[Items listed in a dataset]
+++

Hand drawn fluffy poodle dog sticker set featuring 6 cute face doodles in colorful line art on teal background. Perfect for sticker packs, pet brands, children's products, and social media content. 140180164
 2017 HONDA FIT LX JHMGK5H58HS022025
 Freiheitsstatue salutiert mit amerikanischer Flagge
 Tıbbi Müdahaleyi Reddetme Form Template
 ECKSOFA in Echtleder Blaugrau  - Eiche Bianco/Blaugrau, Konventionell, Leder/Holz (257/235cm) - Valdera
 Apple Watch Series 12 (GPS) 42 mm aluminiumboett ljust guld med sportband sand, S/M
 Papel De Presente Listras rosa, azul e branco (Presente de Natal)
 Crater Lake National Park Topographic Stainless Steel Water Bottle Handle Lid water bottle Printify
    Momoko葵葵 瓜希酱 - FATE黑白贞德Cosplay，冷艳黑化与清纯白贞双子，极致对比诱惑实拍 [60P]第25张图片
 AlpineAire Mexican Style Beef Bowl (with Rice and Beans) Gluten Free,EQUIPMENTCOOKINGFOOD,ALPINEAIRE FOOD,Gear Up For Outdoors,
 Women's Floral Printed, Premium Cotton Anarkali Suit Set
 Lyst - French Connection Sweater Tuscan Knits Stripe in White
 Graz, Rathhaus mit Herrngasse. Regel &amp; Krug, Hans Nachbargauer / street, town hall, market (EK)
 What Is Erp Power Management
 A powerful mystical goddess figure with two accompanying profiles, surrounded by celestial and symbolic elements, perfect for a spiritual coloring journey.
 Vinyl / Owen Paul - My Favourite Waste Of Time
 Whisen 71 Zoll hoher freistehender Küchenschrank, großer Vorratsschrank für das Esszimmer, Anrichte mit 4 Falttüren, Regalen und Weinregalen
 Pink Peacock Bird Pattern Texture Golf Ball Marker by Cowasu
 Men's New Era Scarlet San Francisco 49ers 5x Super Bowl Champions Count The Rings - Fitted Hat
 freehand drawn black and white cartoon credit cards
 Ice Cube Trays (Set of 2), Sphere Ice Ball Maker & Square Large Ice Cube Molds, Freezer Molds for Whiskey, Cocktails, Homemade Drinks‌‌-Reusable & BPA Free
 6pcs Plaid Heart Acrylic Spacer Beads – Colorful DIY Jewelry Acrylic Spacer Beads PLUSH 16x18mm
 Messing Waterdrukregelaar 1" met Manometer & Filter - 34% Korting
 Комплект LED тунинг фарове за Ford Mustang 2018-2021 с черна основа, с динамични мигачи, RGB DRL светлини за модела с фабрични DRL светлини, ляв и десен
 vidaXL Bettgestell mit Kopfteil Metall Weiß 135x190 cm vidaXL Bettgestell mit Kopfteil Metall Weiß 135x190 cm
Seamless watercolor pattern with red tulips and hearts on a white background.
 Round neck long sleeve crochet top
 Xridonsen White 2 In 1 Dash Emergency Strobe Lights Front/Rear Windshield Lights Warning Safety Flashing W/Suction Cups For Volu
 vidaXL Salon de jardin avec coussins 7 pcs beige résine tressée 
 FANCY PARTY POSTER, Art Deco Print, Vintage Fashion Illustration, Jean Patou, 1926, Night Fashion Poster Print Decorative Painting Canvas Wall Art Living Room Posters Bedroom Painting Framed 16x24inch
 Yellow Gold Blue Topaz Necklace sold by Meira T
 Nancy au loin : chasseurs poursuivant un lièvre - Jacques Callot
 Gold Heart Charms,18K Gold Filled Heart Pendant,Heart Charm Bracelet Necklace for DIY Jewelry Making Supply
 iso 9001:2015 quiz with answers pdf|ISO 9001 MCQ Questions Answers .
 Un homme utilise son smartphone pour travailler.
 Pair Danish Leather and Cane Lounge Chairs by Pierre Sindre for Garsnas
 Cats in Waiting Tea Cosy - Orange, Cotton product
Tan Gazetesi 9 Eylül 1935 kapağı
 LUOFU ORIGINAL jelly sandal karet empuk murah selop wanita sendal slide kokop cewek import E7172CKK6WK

+++

Reproduce exactly the lines above from the line with "Seamless watercolor pattern" to the line with "Tan Gazetesi 9 Eylül 1935 kapağı", including both, and add nothing.

> Task answer:
Seamless watercolor pattern with red tulips and hearts on a white background.
 Round neck long sleeve crochet top
 Xridonsen White 2 In 1 Dash Emergency Strobe Lights Front/Rear Windshield Lights Warning Safety Flashing W/Suction Cups For Volu
 vidaXL Salon de jardin avec coussins 7 pcs beige résine tressée 
 FANCY PARTY POSTER, Art Deco Print, Vintage Fashion Illustration, Jean Patou, 1926, Night Fashion Poster Print Decorative Painting Canvas Wall Art Living Room Posters Bedroom Painting Framed 16x24inch
 Yellow Gold Blue Topaz Necklace sold by Meira T
 Nancy au loin : chasseurs poursuivant un lièvre - Jacques Callot
 Gold Heart Charms,18K Gold Filled Heart Pendant,Heart Charm Bracelet Necklace for DIY Jewelry Making Supply
 iso 9001:2015 quiz with answers pdf|ISO 9001 MCQ Questions Answers .
 Un homme utilise son smartphone pour travailler.
 Pair Danish Leather and Cane Lounge Chairs by Pierre Sindre for Garsnas
 Cats in Waiting Tea Cosy - Orange, Cotton product
Tan Gazetesi 9 Eylül 1935 kapağı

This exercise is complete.